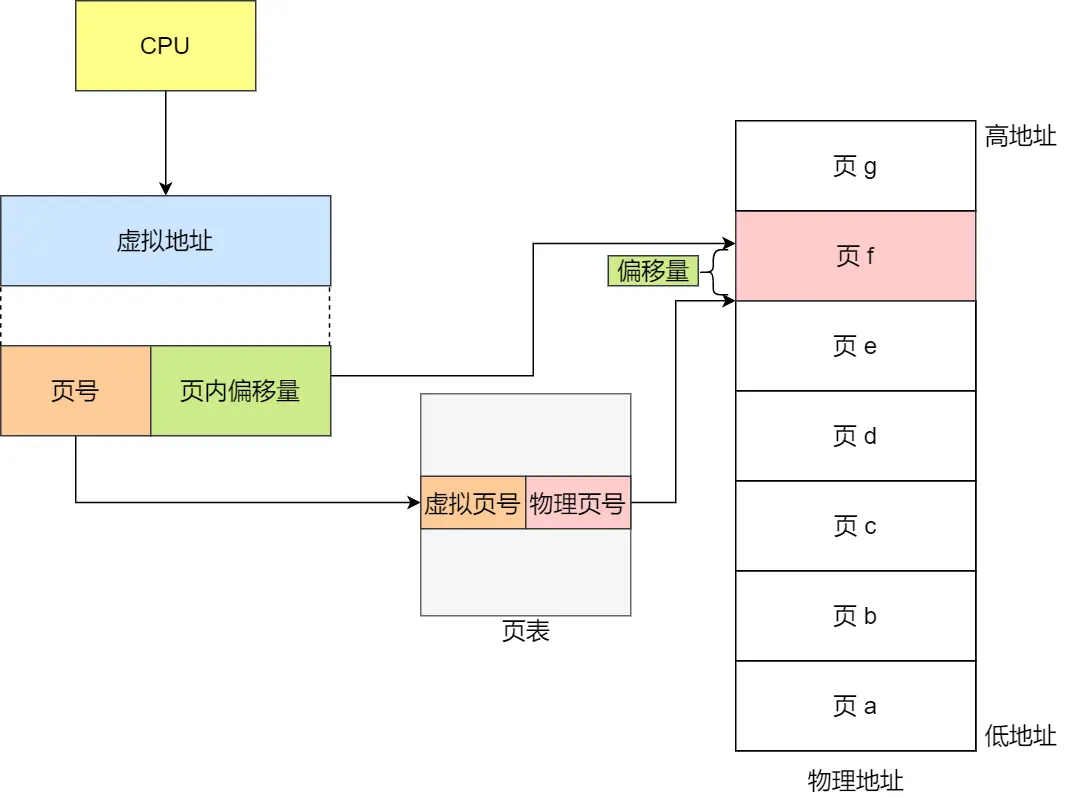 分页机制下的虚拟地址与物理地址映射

_____

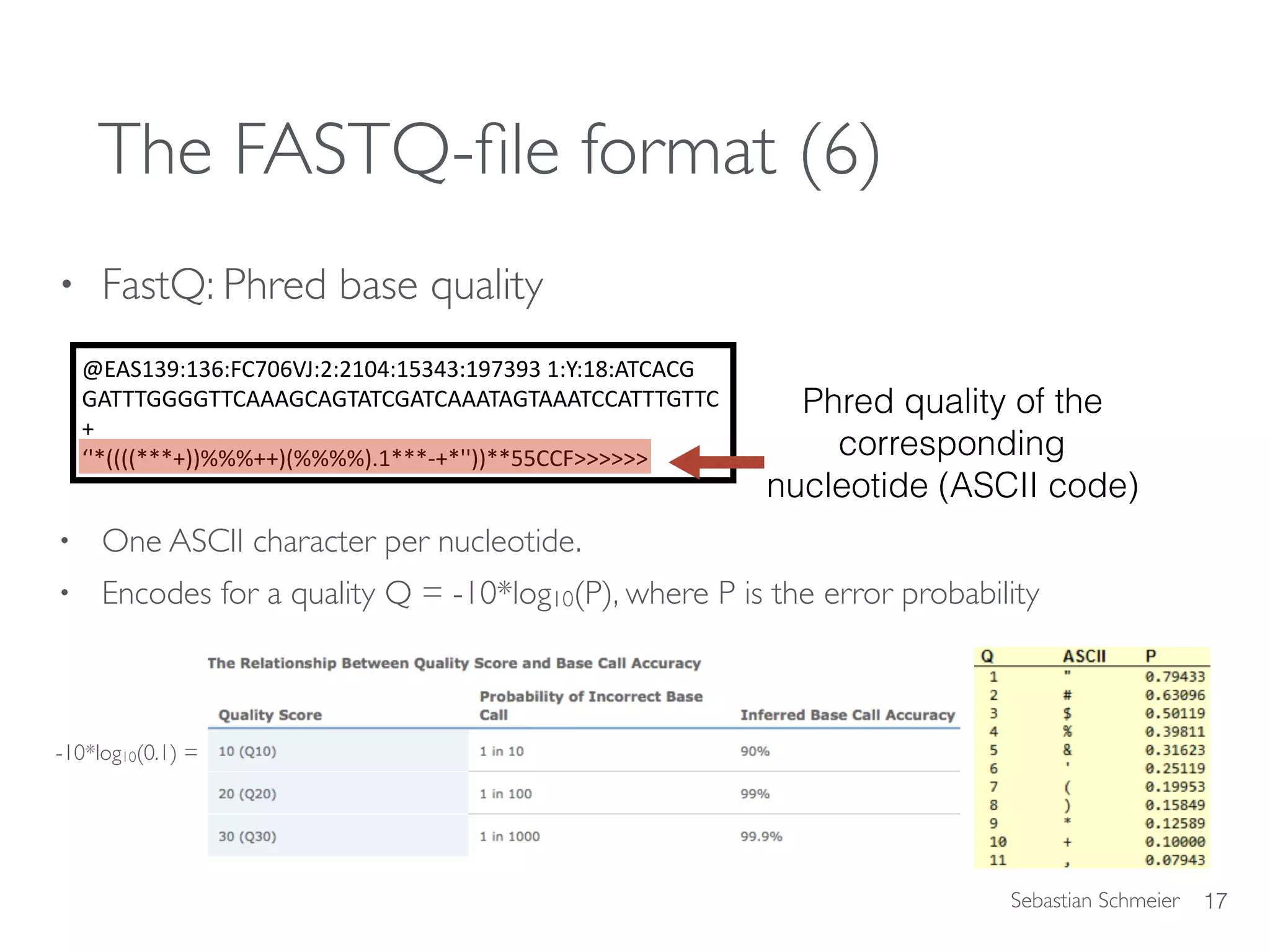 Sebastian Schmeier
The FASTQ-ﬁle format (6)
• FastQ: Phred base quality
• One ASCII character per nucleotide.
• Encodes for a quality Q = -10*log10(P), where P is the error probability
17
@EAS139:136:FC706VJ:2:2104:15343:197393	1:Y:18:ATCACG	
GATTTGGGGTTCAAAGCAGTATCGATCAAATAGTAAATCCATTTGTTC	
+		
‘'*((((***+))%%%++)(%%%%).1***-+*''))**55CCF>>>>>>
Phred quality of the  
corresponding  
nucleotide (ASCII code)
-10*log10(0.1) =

_____

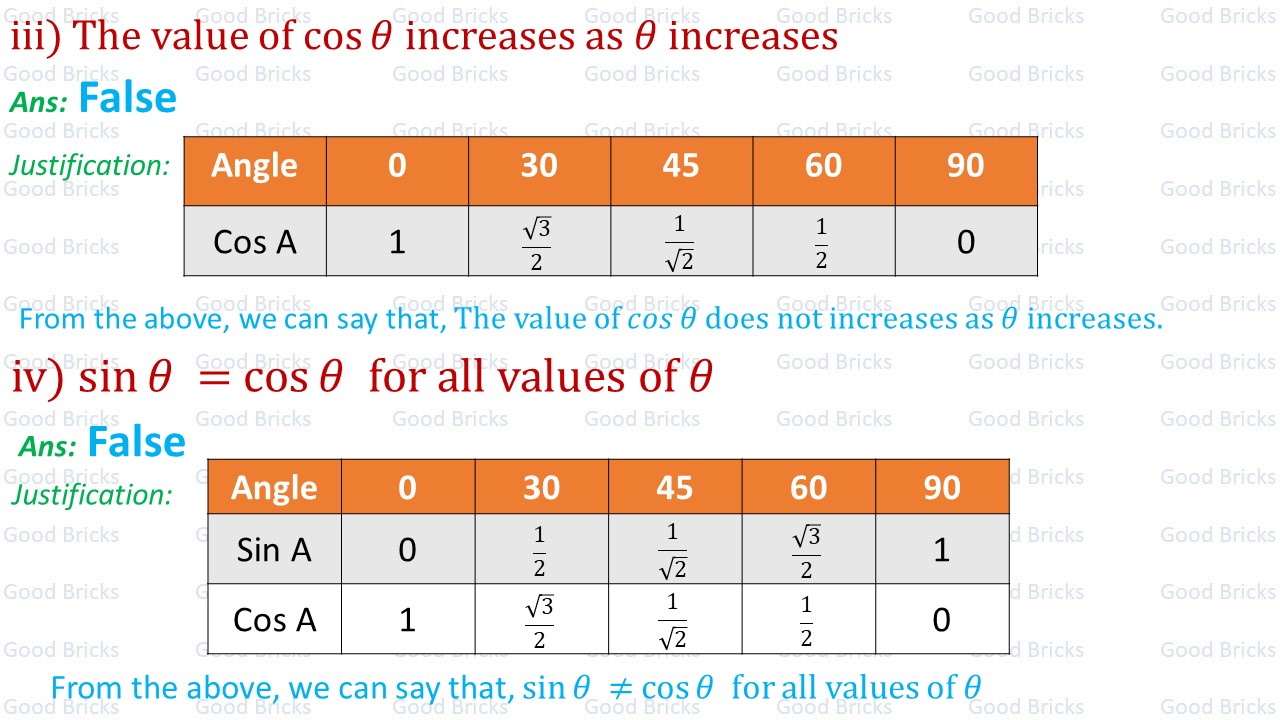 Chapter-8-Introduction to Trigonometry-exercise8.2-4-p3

_____

» EXERCISE GOAL
Where a line in the listing above contains "Phred", copy that line.

» SOLUTION
• FastQ: Phred base quality
Phred quality of the  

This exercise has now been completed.